Reports: Hezbollah threat to US may have been overstated
Rep. Pete King (R-N.Y.), chairman of the House Committee on Homeland Security, said in March that Hezbollah had “hundreds” of operatives and sympathizers living in the United States.
Those individuals, according to King, were allegedly conducting surveillance as part of an ongoing plot to attack potential targets in New York and across the country.
“It seems to have really shaken up the intelligence community, more than it did the media, the general public, or members of Congress,” King told The Hill on March 12.
{mosads}An investigation launched by King’s committee reported the group could have “several thousand sympathetic donors” as well as “hundreds” of operatives, living and working inside the country.
However committee investigators could not determine exactly how many members or sympathizers Hezbollah had in the United States.
But several U.S. officials with knowledge of ongoing counterterrorism efforts focusing on the group told Reuters the threat of attack is not as imminent as the New York Republican portrayed it to be.
There is a huge difference between Hezbollah members and sympathizers in the United States raising funds for future operations and those who would actually carry out the attacks, U.S. officials tell Reuters.
The group is conducting similar fundraising activities all across South America, Southern Command chief Gen. Douglas Fraser told Congress on March 13.

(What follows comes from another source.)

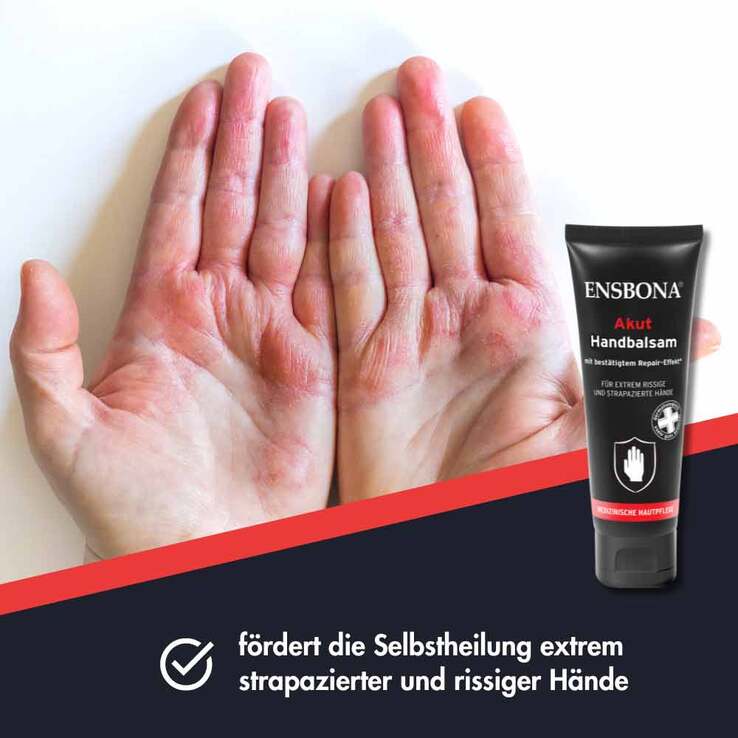 Handbalsam Akut Ensbona, 75 ml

While that work has expanded Hezbollah’s ties to drug trafficking rings and other organized crime elements in South America and in the United States, those operatives have remained largely nonviolent.

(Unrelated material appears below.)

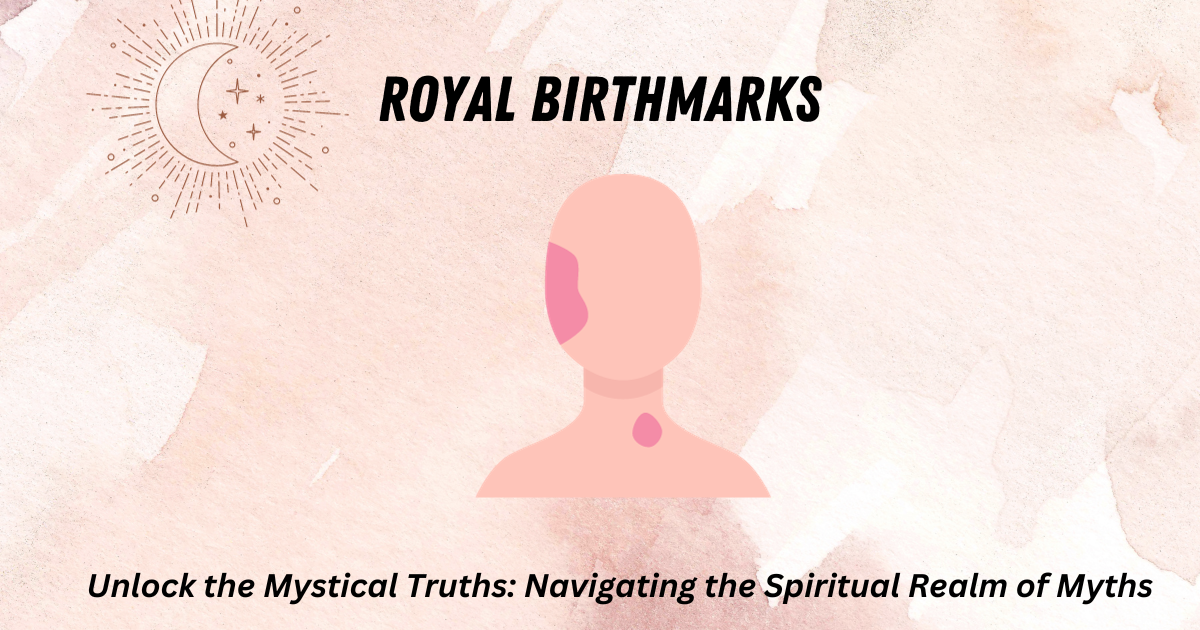 royal birthmarks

The group has not attacked a U.S. target since the Marine Corps barracks bombings in Lebanon in the 1980s. There is no indication that the group has the means or intent to start now, the Reuters report states.

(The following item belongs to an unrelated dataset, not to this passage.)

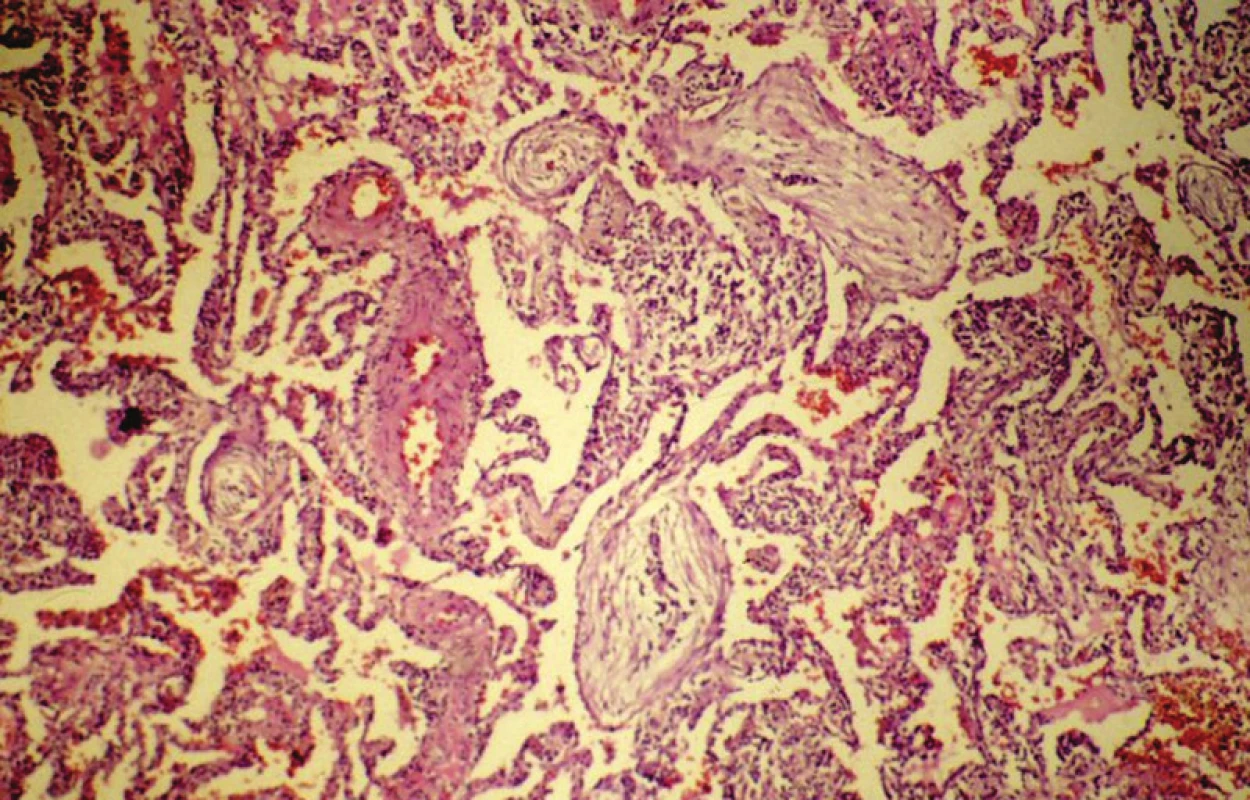 Organizující se pneumonii charakterizuje nález intraalveolárních vazivových Massonových tělísek. HE, 120krát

But that could all change if the United States or Israel decides to take military action against Iran’s nuclear program.
Tehran’s recent saber-rattling and its refusal to open its nuclear program to international scrutiny have raised tensions between Tehran, Washington and Tel Aviv.
Senate Armed Services Committee Chairman Carl Levin (D-Mich.) told reporters on March 6 that an Israeli attack on Iran is “very likely.”
Iran’s ongoing military buildup — including the possible addition of a nuclear weapon to its arsenal — and its recent aggressive actions in the Strait of Hormuz, constitute proof enough that Tehran could be gearing up for a fight, Rep. Michael Turner (R-Ohio) told reporters on March 21.
If attacked, Iran could theoretically order Hezbollah agents in the United States to carry out terrorist strikes as payback for any preemptive U.S. or Israeli action.
And that type of retaliatory strike is what worries King and his backers on Capitol Hill the most.
“Recently the consensus among the intelligence community has been that Hezbollah members in the U.S. are mainly fundraisers, recruiters and facilitators,” King said. “But how many can become operational?”